Results: Tofacitinib treatment resulted in an initial increase in ALC versus pretreatment baseline, which gradually declined to steady state by ~48 months. CD4+ and CD8+ T cell counts decreased over long-term treatment, and ALC and LSC changes were reversible upon treatment cessation. Patients with ALCs of <500 cells/mm³ had an increased risk of serious infections. There was no strong association between CD4+ T cell, CD8+ T cell, B cell, or natural killer cell counts and serious infection incidence rates. ALC and CD4+ or CD8+ T cell counts correlated well (R = 0.65-0.86).
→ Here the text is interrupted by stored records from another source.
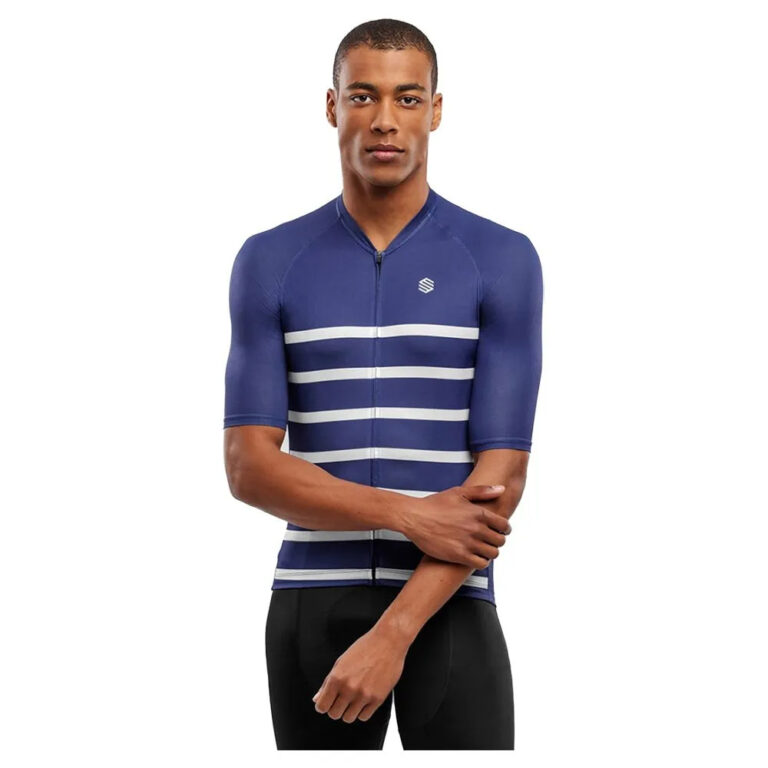 Siroko M3 Peyresourde Short Sleeve Jersey S Blue / White - 2XL Blue / White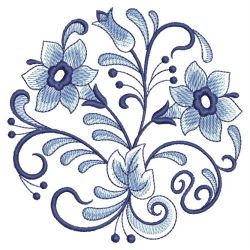 Blue Jacobean Circle 09(Md) machine embroidery designs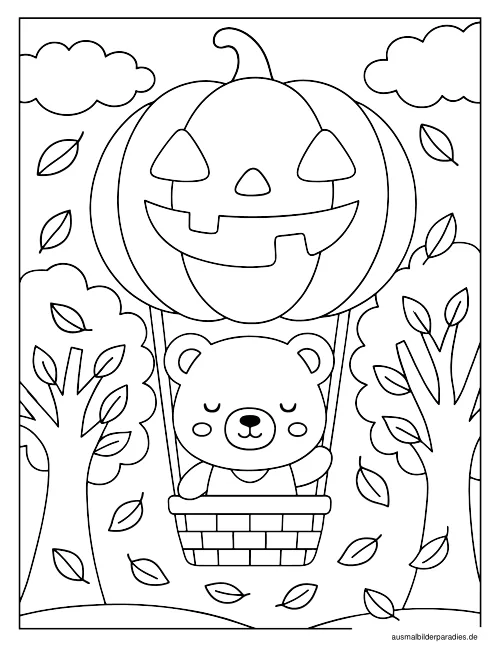 Herbst Ausmalbilder kostenlos zum Ausdrucken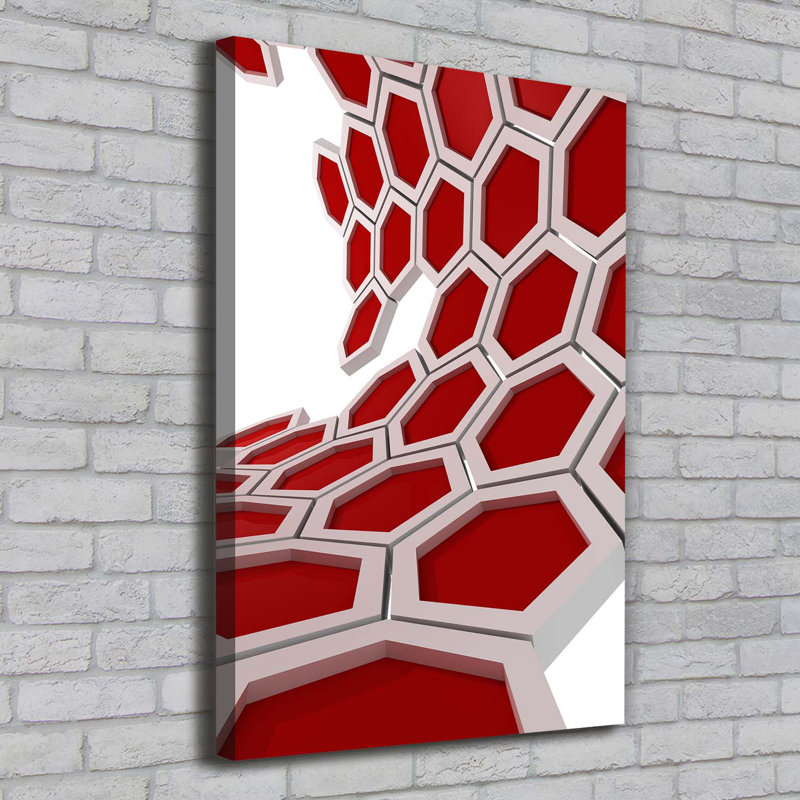 3D Abstraction - Wrapped Canvas Print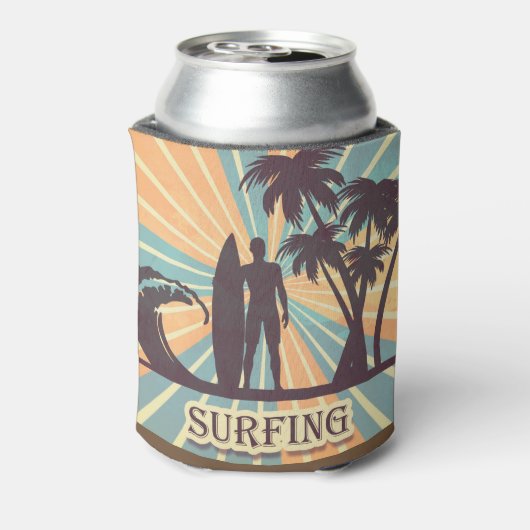 Surfer guy Koelbox Blikjeskoeler (Blikje Achterkant)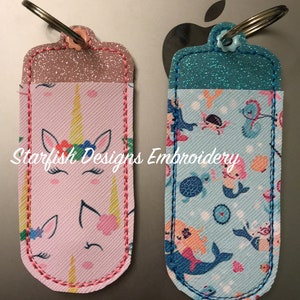 In The Hoop Lip Balm Chap Lips Stick Holder - USB Thumb Drive Holder - Light Holder - Embroidery Design Download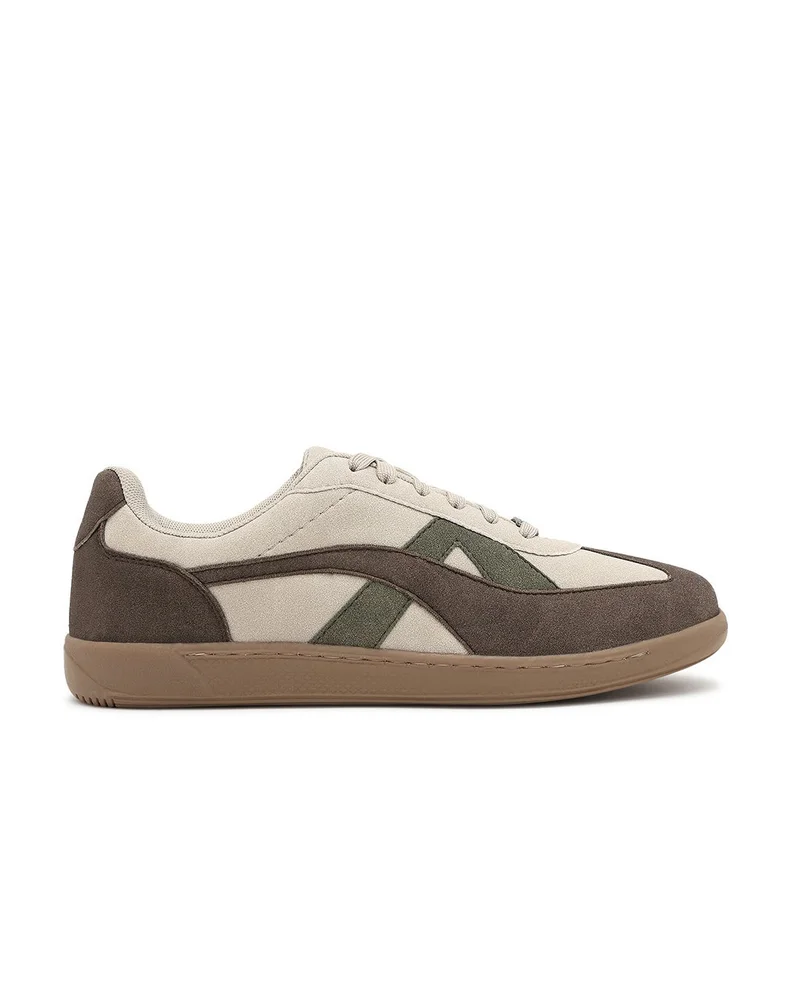 Men's Brown Rippers Sienna Color Block Low-Top Sneakers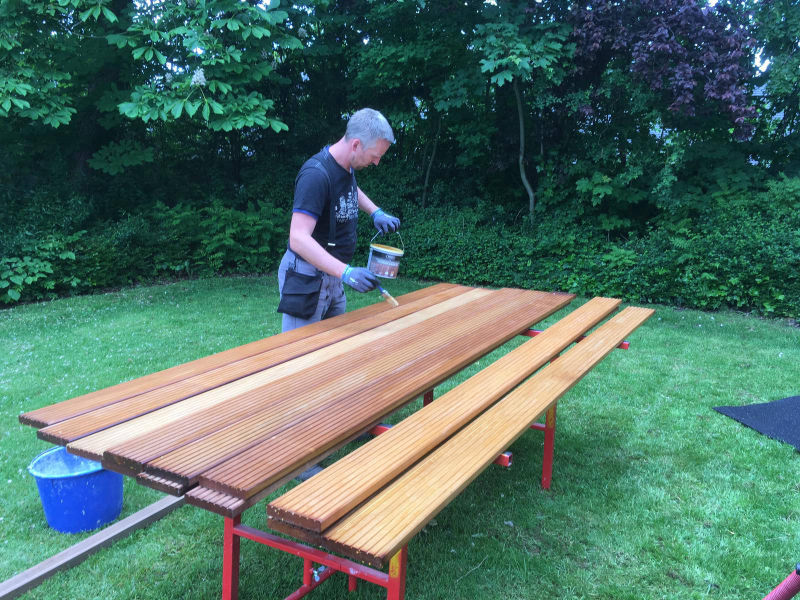 Bankirai Terrassendielen ölen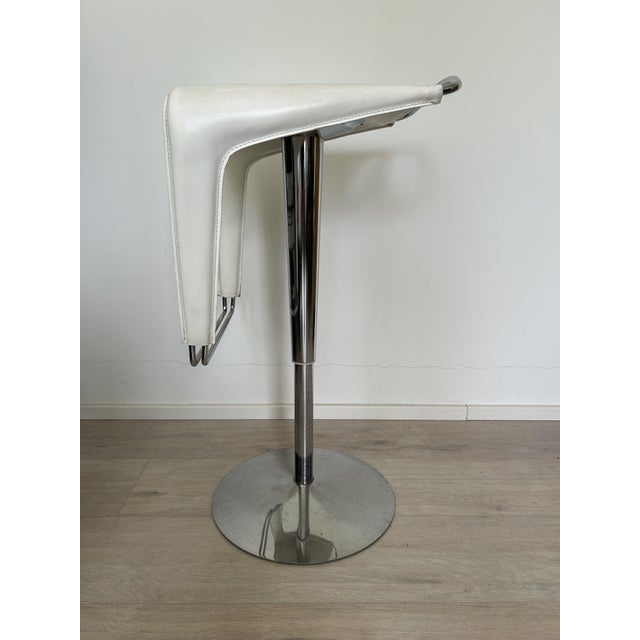 Vintage Italian Leather Bar Stool, 1980s For Sale - Image 4 of 12
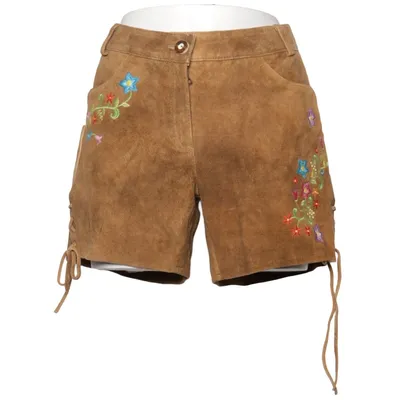Lederhosen (Brown, Multicolored) from Krüger Leather, Polyester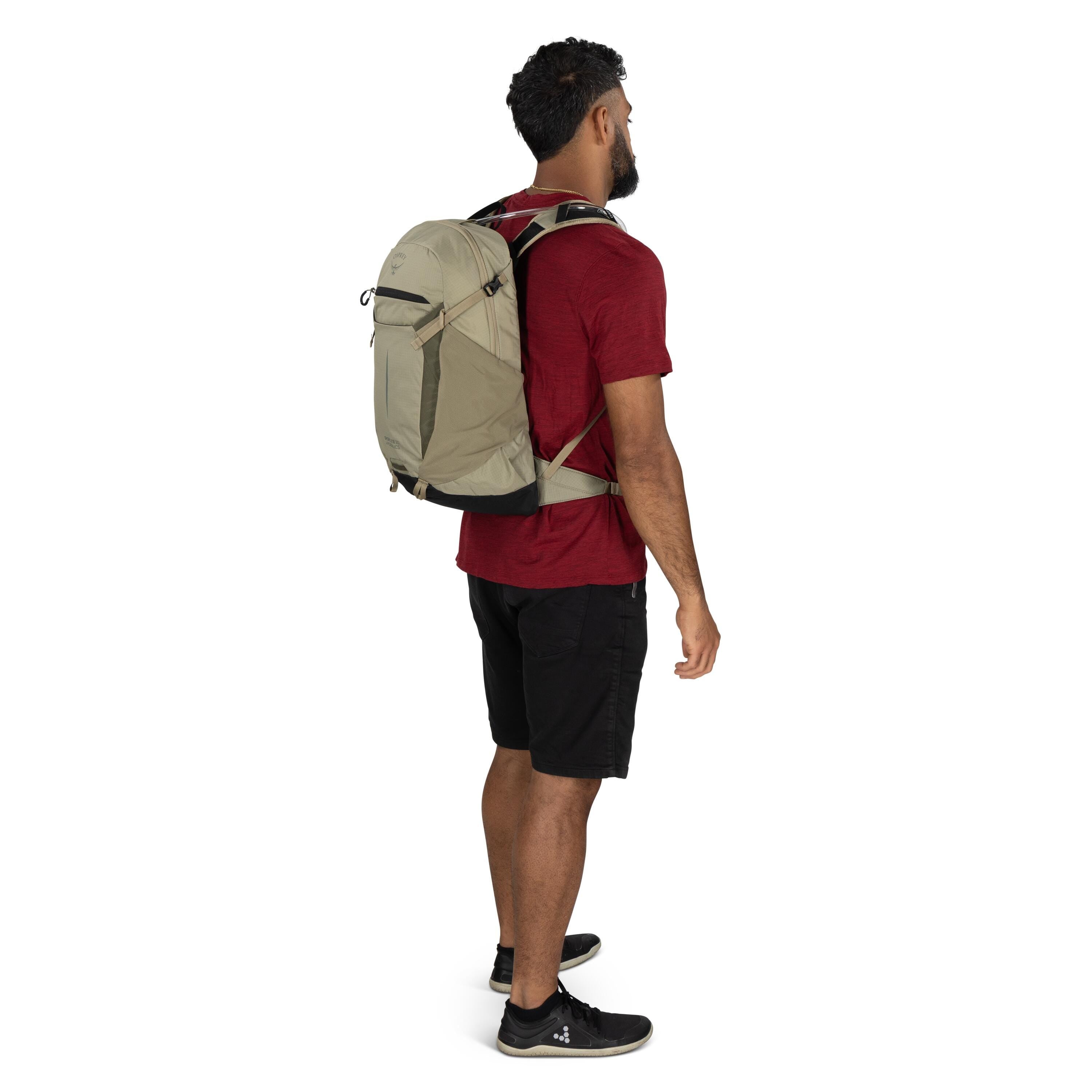 Osprey Sportlite 20 Hydraulics Hiking Hydration Backpack 20L in Olive Tan — lifestyle 2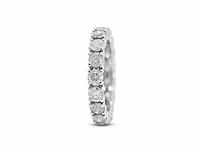14 karaat witgouden ring met 3,04 natuurlijke diamanten - afbeelding 1 van  6
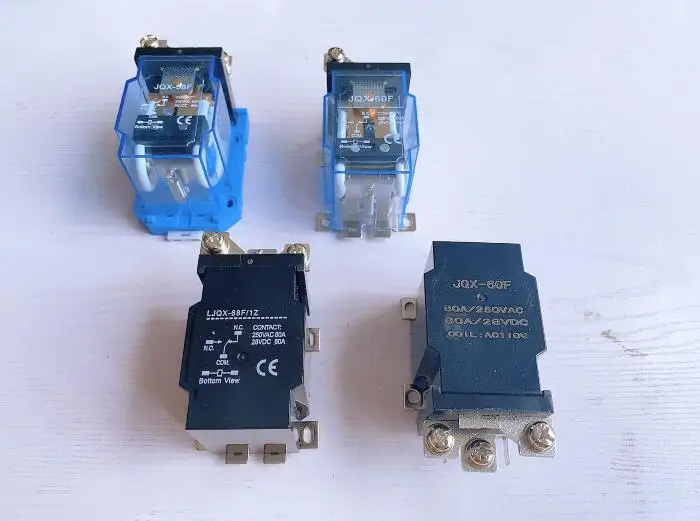 JQX-58F 1Z 60A JQX-60F 1Z 60A/80A JQX-68F 1Z 80A Przekaźnik dużej mocy DC12V DC24V AC110V AC220V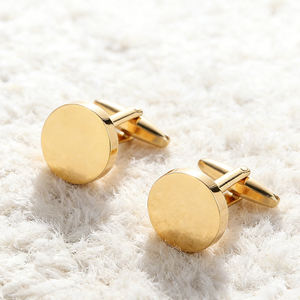 <span class=keywords><strong>Gemelos</strong></span> de Acero Inoxidable Redondos Lisos de Alta Calidad para <span class=keywords><strong>Camisa</strong></span>, 2 Piezas, Personalizables con Grabado, Venta al por Mayor para Hombre - Product Image 6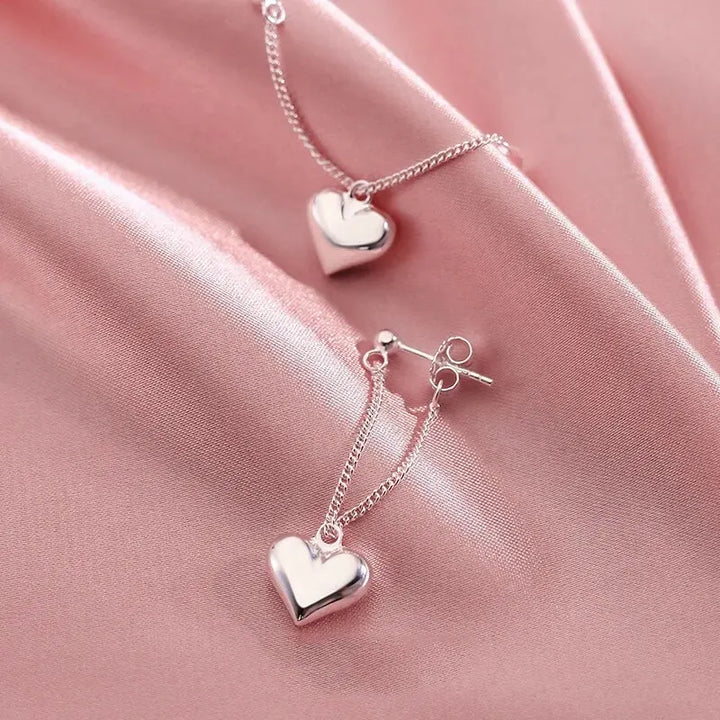 Aros Geométricos Antiguos en Forma de Corazón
Conclusion: Our findings indicate that monitoring of ALC alone appears to be adequate to assess infection risk in tofacitinib-treated patients with RA.

Figure 1

Overview of the study and analysis populations. * = Prior tofacitinib exposure. † = ORAL Strategy is a phase IIIb/IV study. ‡ = Power calculations indicated that these sample sizes (patients with available pretreatment baseline data) were adequate to detect long‐term changes of ≥20% in each of the lymphocyte subset counts (LSCs) with at least 80% probability. § = Nearly all patients were originally participants in phase III studies and thus did not have pretreatment baseline LSC data. P = phase; LTE = long‐term extension; ALC = absolute lymphocyte count; RA = rheumatoid arthritis; BID = twice daily; Q2W = every 2 weeks; MTX = methotrexate; NK = natural killer; LSS = lymphocyte substudy.

Figure 2

Median change from baseline in absolute lymphocyte counts (ALCs) in rheumatoid arthritis (RA) patients from the phase III ORAL Standard study (0–12 months) (A), the phase III ORAL Start study (0–24 months) (B), and the phase I/phase II/phase III/long‐term extension All RA population (0–114 months) (C). Data reported here for the All RA population include patients experiencing up to 114 months of exposure to tofacitinib; however, due to limited numbers of patients with data after month 102, interpretations should be made with caution. Only 1 patient had data at month 117, and that data point was therefore removed. Q1, Q3 = first through third quartiles; BID = twice daily; MTX = methotrexate.

Figure 3

Median percentage change from baseline in lymphocyte subset counts (LSCs) in rheumatoid arthritis patients from phase II studies of tofacitinib 5 mg twice daily (short‐term), from the ORAL Sequel vaccine substudy of tofacitinib 10 mg twice daily (mid‐term), and at entry into the ORAL Sequel lymphocyte substudy (tofacitinib 5 mg or 10 mg twice daily) (long‐term). * = Includes only the subgroup of patients with pretreatment baseline LSC data (for CD3+ T cells, B cells, and natural killer [NK] cells, n = 14; for CD4+ and CD8+ T cells, n = 10). † = Cohort 1 type 1, i.e., the subgroup of patients in cohort 1 who originally participated in the phase II program and had pretreatment baseline data (for CD3+ T cells and B cells, n = 124; for CD4+ and CD8+ T cells, n = 51; for NK cells, n = 121). LV = last visit; M = month; NM = not measured.